Space heaters can only do so much, especially if you have a small room with a window, such as the bathroom. Many home goods stores sell window coverings that act as insulators that can help keep the cold air out and the warm air in. Thick curtains are also an option.
Heattech is a type of specially designed clothing by the brand Uniqlo which acts as a body insulator and keeps one extremely warm, even with just a thin layer of a shirt or leggings. Other companies have also produced their own kind of heat-retention clothes, although Uniqlo's is the most popular.
These heat packs can be bought at any Japanese convenience store and are placed in pockets, gloves or between layers to produce a little extra warmth while you're walking in the cold. They can last for about an hour or so, depending on the brand.
While lounging around the house in the summer might just mean a tank top and shorts, Japan produces some very cute and very warm roomwear for the winter. Many lingerie brands produce long/short pants, sweaters and robes that are designed to be comfortable and also warm.

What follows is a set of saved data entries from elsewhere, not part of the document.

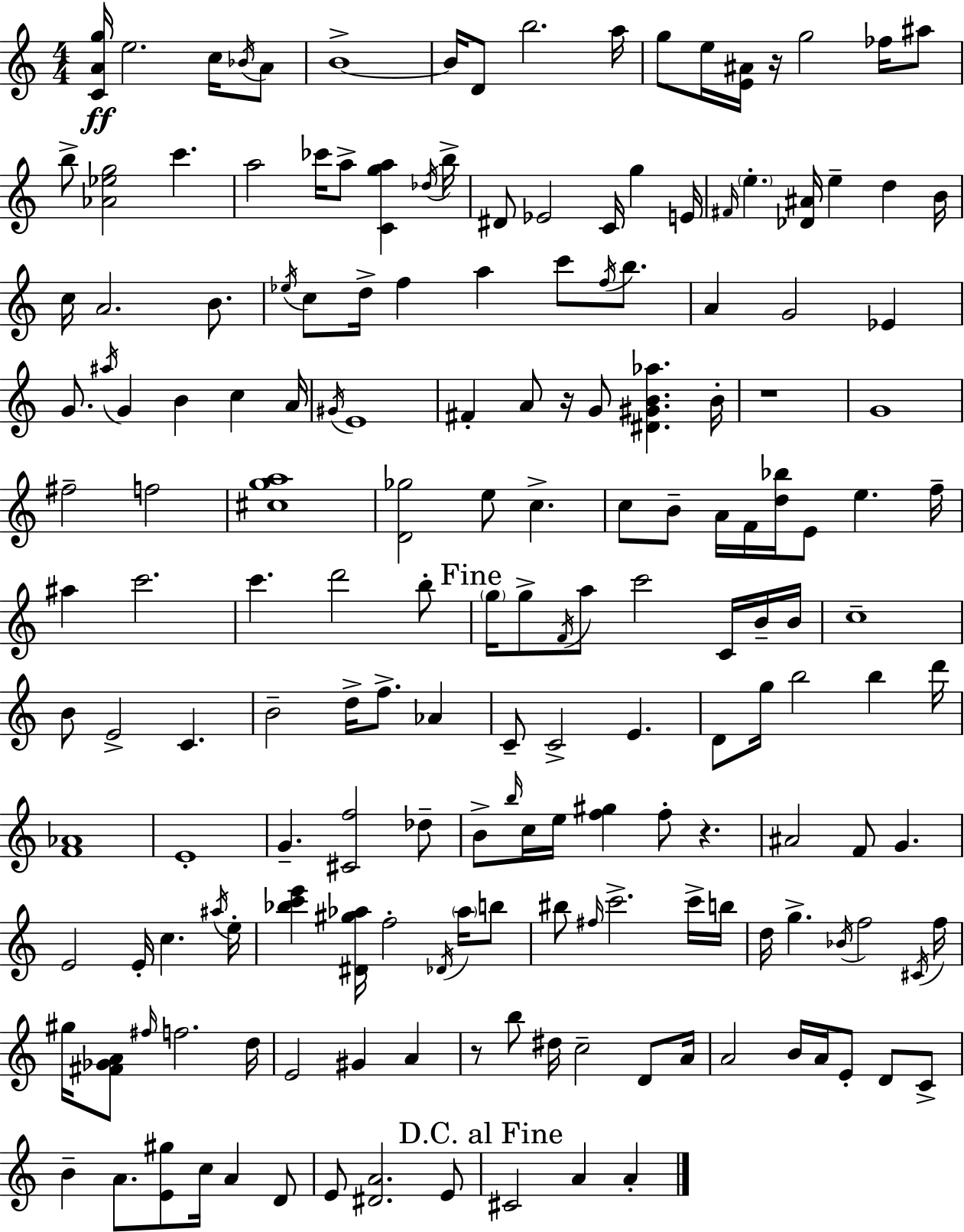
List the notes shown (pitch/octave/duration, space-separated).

[C4,A4,G5]/s E5/h. C5/s Bb4/s A4/e B4/w B4/s D4/e B5/h. A5/s G5/e E5/s [E4,A#4]/s R/s G5/h FES5/s A#5/e B5/e [Ab4,Eb5,G5]/h C6/q. A5/h CES6/s A5/e [C4,G5,A5]/q Db5/s B5/s D#4/e Eb4/h C4/s G5/q E4/s F#4/s E5/q. [Db4,A#4]/s E5/q D5/q B4/s C5/s A4/h. B4/e. Eb5/s C5/e D5/s F5/q A5/q C6/e F5/s B5/e. A4/q G4/h Eb4/q G4/e. A#5/s G4/q B4/q C5/q A4/s G#4/s E4/w F#4/q A4/e R/s G4/e [D#4,G#4,B4,Ab5]/q. B4/s R/w G4/w F#5/h F5/h [C#5,G5,A5]/w [D4,Gb5]/h E5/e C5/q. C5/e B4/e A4/s F4/s [D5,Bb5]/s E4/e E5/q. F5/s A#5/q C6/h. C6/q. D6/h B5/e G5/s G5/e F4/s A5/e C6/h C4/s B4/s B4/s C5/w B4/e E4/h C4/q. B4/h D5/s F5/e. Ab4/q C4/e C4/h E4/q. D4/e G5/s B5/h B5/q D6/s [F4,Ab4]/w E4/w G4/q. [C#4,F5]/h Db5/e B4/e B5/s C5/s E5/s [F5,G#5]/q F5/e R/q. A#4/h F4/e G4/q. E4/h E4/s C5/q. A#5/s E5/s [Bb5,C6,E6]/q [D#4,G#5,Ab5]/s F5/h Db4/s Ab5/s B5/e BIS5/e F#5/s C6/h. C6/s B5/s D5/s G5/q. Bb4/s F5/h C#4/s F5/s G#5/s [F#4,Gb4,A4]/e F#5/s F5/h. D5/s E4/h G#4/q A4/q R/e B5/e D#5/s C5/h D4/e A4/s A4/h B4/s A4/s E4/e D4/e C4/e B4/q A4/e. [E4,G#5]/e C5/s A4/q D4/e E4/e [D#4,A4]/h. E4/e C#4/h A4/q A4/q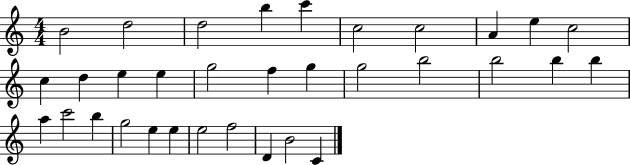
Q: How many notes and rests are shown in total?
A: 33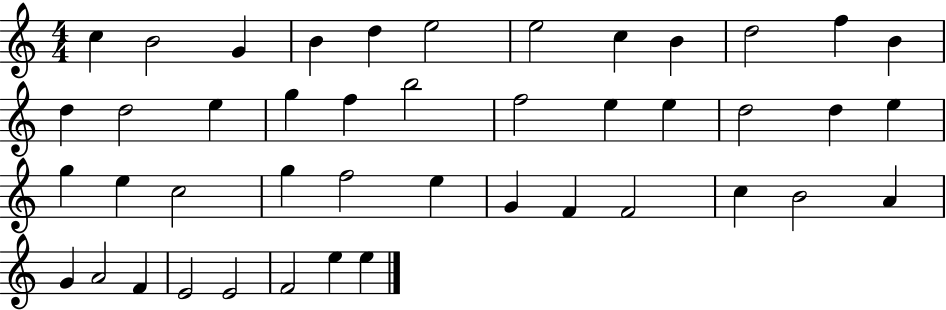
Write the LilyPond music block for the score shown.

{
  \clef treble
  \numericTimeSignature
  \time 4/4
  \key c \major
  c''4 b'2 g'4 | b'4 d''4 e''2 | e''2 c''4 b'4 | d''2 f''4 b'4 | \break d''4 d''2 e''4 | g''4 f''4 b''2 | f''2 e''4 e''4 | d''2 d''4 e''4 | \break g''4 e''4 c''2 | g''4 f''2 e''4 | g'4 f'4 f'2 | c''4 b'2 a'4 | \break g'4 a'2 f'4 | e'2 e'2 | f'2 e''4 e''4 | \bar "|."
}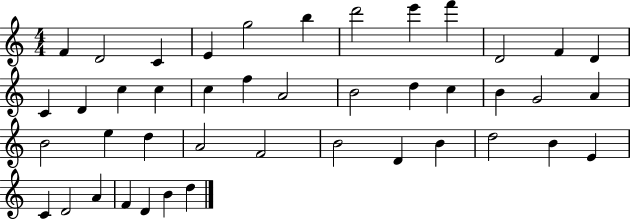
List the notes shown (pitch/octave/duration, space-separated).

F4/q D4/h C4/q E4/q G5/h B5/q D6/h E6/q F6/q D4/h F4/q D4/q C4/q D4/q C5/q C5/q C5/q F5/q A4/h B4/h D5/q C5/q B4/q G4/h A4/q B4/h E5/q D5/q A4/h F4/h B4/h D4/q B4/q D5/h B4/q E4/q C4/q D4/h A4/q F4/q D4/q B4/q D5/q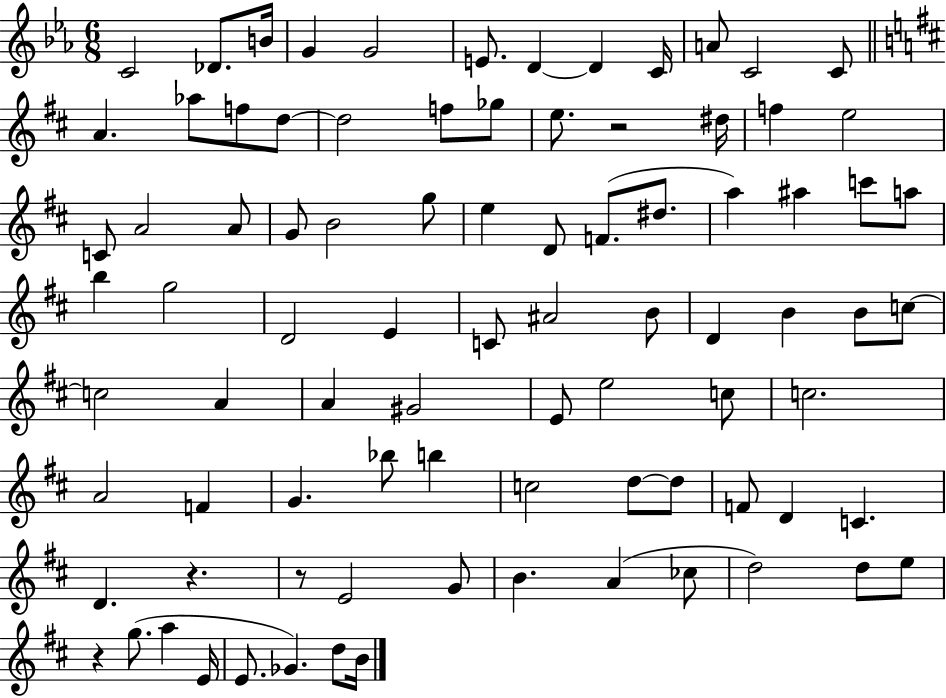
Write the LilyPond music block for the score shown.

{
  \clef treble
  \numericTimeSignature
  \time 6/8
  \key ees \major
  c'2 des'8. b'16 | g'4 g'2 | e'8. d'4~~ d'4 c'16 | a'8 c'2 c'8 | \break \bar "||" \break \key b \minor a'4. aes''8 f''8 d''8~~ | d''2 f''8 ges''8 | e''8. r2 dis''16 | f''4 e''2 | \break c'8 a'2 a'8 | g'8 b'2 g''8 | e''4 d'8 f'8.( dis''8. | a''4) ais''4 c'''8 a''8 | \break b''4 g''2 | d'2 e'4 | c'8 ais'2 b'8 | d'4 b'4 b'8 c''8~~ | \break c''2 a'4 | a'4 gis'2 | e'8 e''2 c''8 | c''2. | \break a'2 f'4 | g'4. bes''8 b''4 | c''2 d''8~~ d''8 | f'8 d'4 c'4. | \break d'4. r4. | r8 e'2 g'8 | b'4. a'4( ces''8 | d''2) d''8 e''8 | \break r4 g''8.( a''4 e'16 | e'8. ges'4.) d''8 b'16 | \bar "|."
}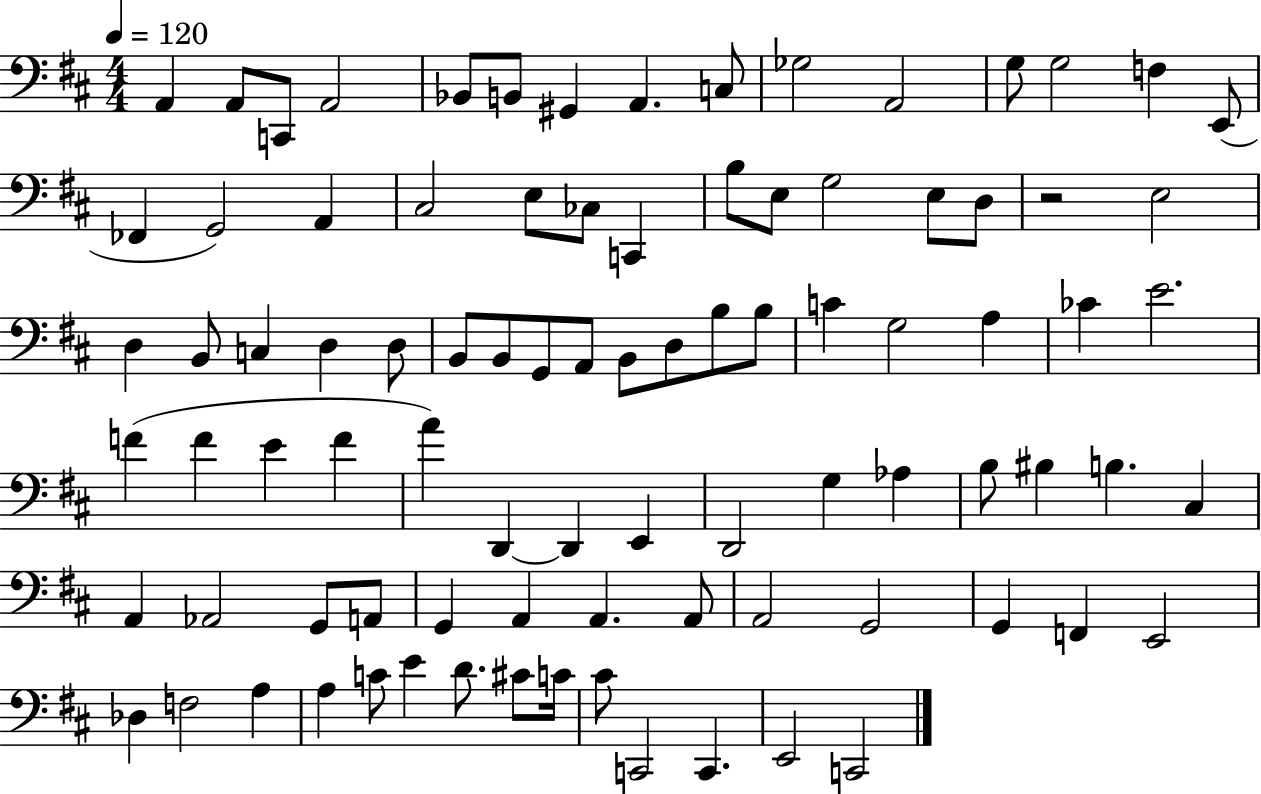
X:1
T:Untitled
M:4/4
L:1/4
K:D
A,, A,,/2 C,,/2 A,,2 _B,,/2 B,,/2 ^G,, A,, C,/2 _G,2 A,,2 G,/2 G,2 F, E,,/2 _F,, G,,2 A,, ^C,2 E,/2 _C,/2 C,, B,/2 E,/2 G,2 E,/2 D,/2 z2 E,2 D, B,,/2 C, D, D,/2 B,,/2 B,,/2 G,,/2 A,,/2 B,,/2 D,/2 B,/2 B,/2 C G,2 A, _C E2 F F E F A D,, D,, E,, D,,2 G, _A, B,/2 ^B, B, ^C, A,, _A,,2 G,,/2 A,,/2 G,, A,, A,, A,,/2 A,,2 G,,2 G,, F,, E,,2 _D, F,2 A, A, C/2 E D/2 ^C/2 C/4 ^C/2 C,,2 C,, E,,2 C,,2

Tights are a fashion staple in Japan, and they don't go out of style when it gets cold. Instead, they just get thicker. Many shops that specialize in socks and tights have winter foresight and sell tights that are as thick as 200 デニール, which is the measurement of thickness.
Nabe literally translates to "pot," but usually means the type of food that is made in a ceramic, thick-bottomed nabe pot. They are also called hot pot and consist of several ingredients simmered together in a broth. Anything can be added to nabe, from meat to fish to any vegetable imaginable.
Hot vending machine drinks
While not exactly a delicacy, when the weather turns cold Japanese vending machines begin to sell hot drinks, including canned soup such as corn potage. They are easy to find and are good to cup in your hands to keep warm while waiting for a train or bus.
The information in this article is accurate at the time of publication.